Below are several records. Retype exactly those lines running from the one with "map of restaurants, bars, coffee" through the one with "Lightened-Up Peanut Butter", end lines included, and no others.
-------- Exercise data
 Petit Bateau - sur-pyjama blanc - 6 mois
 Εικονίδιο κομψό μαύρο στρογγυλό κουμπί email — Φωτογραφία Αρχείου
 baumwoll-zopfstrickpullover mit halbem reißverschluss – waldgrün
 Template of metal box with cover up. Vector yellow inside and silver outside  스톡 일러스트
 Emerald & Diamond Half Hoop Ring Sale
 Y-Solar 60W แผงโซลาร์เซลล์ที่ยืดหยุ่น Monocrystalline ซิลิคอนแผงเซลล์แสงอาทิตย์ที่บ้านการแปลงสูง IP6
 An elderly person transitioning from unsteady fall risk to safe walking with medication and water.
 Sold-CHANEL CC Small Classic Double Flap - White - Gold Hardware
----------------
-------- Exercise data
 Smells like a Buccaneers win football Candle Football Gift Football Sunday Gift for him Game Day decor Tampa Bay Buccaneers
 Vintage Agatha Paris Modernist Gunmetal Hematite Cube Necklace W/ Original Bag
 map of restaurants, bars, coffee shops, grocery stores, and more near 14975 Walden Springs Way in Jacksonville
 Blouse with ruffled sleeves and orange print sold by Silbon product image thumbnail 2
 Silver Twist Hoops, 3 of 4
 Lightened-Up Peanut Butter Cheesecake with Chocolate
----------------
> [The completed task]:
 map of restaurants, bars, coffee shops, grocery stores, and more near 14975 Walden Springs Way in Jacksonville
 Blouse with ruffled sleeves and orange print sold by Silbon product image thumbnail 2
 Silver Twist Hoops, 3 of 4
 Lightened-Up Peanut Butter Cheesecake with Chocolate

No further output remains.